|The Left Hand of Darkness|
Written by Ursula LeGuin
Published by Orbit Books
Paperback - 248 pages
Published December 2012
Part of the Hodderscape Review Project
In a nutshell:The Left Hand of Darkness is the mission of Genly Ai, a human envoy who has come to the planet called Winter. He tries to bring the planet into the fold of galactic enlightenment, but he’s an alien in a strange world. In a world where everyone has no gender, how do they react to the only man in the world?
What worked:The crux of The Left Hand of Darkness is the issue of gender on the planet Winter, and LeGuin does a great job of showing how this affects the history and culture of the locals.
Throughout the book are snippets from their folklore and history that shows how kenning – the monthly cycle where the Gethians change from androgynous to single sex. This gives you a deeper understanding of how their society works and, more importantly, how different Genly is to the rest of them.
The world-building of Winter is also superb for such a short novel; the landscape has shaped the people around it and it’s a harsh environment that forces Genly to adapt to survive.

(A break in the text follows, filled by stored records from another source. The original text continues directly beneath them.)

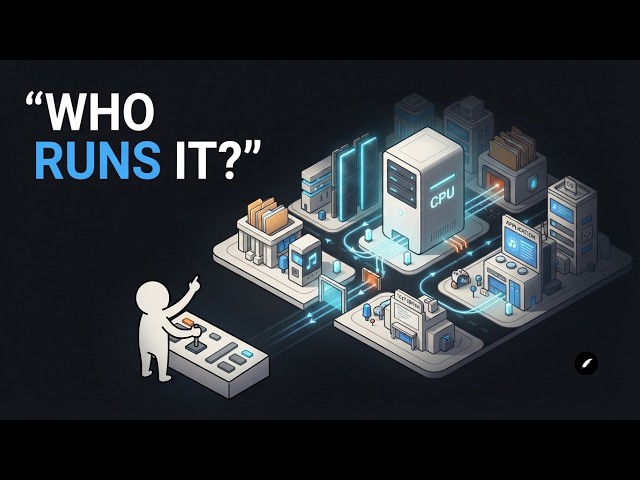 Operating System Explained Like You’re 5  |  What is an Operating System? | How does an OS work?
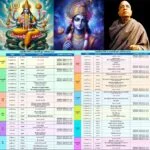Ekadashi List-2024✸বৈষ্ণবীয় তিথি ও একাদশী ব্রত তালিকা-2024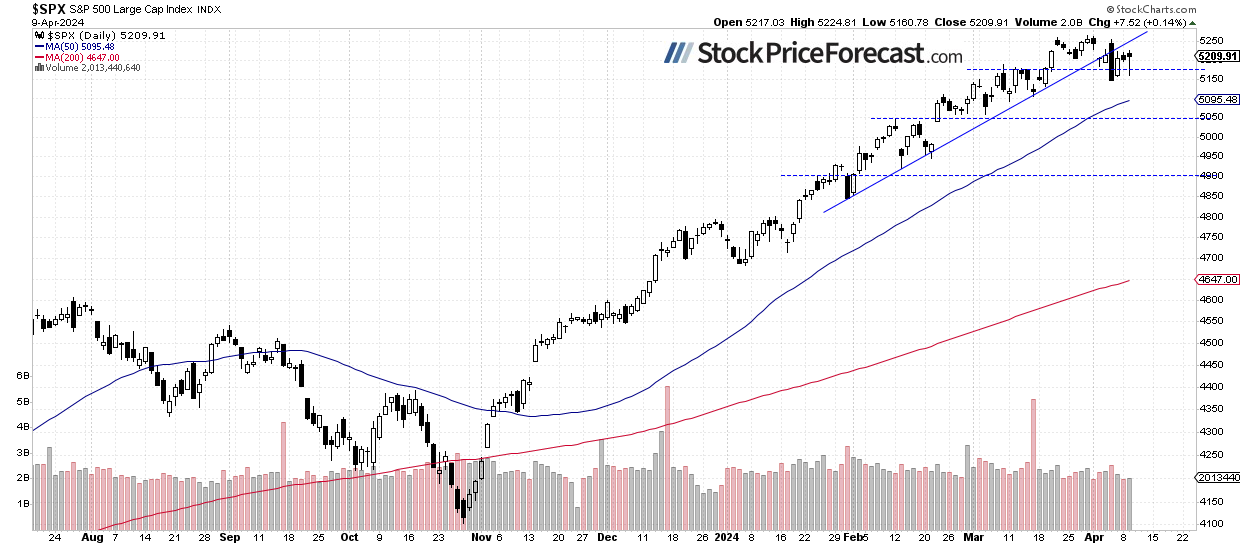 Higher Inflation to Drive Stocks Lower – a New Downtrend? - Image 1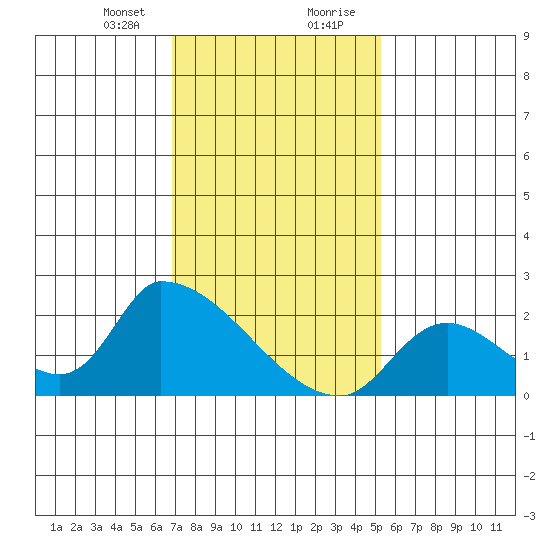 Huntington Beach tide chart for Sunday, January 24, 2021
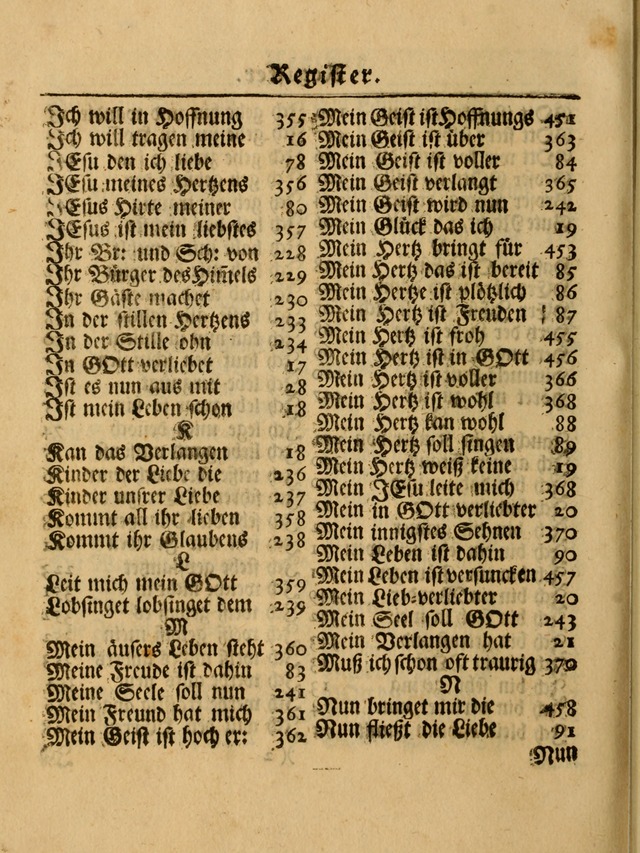 Das Gesäng Der einsamen und verlassenen Turtel-Taube, Nemlich der Christlichen Kirche: oder geistliche u. erfahrungs-volle liedens u. libes-gethöne, als darinnen bendes die volrkost der neuen welt... page 498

What didn't work:My main bugbear with The Left Hand of Darkness is its pacing. This might stem from the fact that it was written 45 years ago; a different time for a different audience. That being said, there were only one or two brief moments of conflict or excitement in the story, with the rest of the novel plodding along slowly.
This is most evident during the 800-mile journey that Genly has to take along with his companion, Estraven. The journal-entry narration of this section drags the plot along and it becomes a little repetitive until you get to the climax.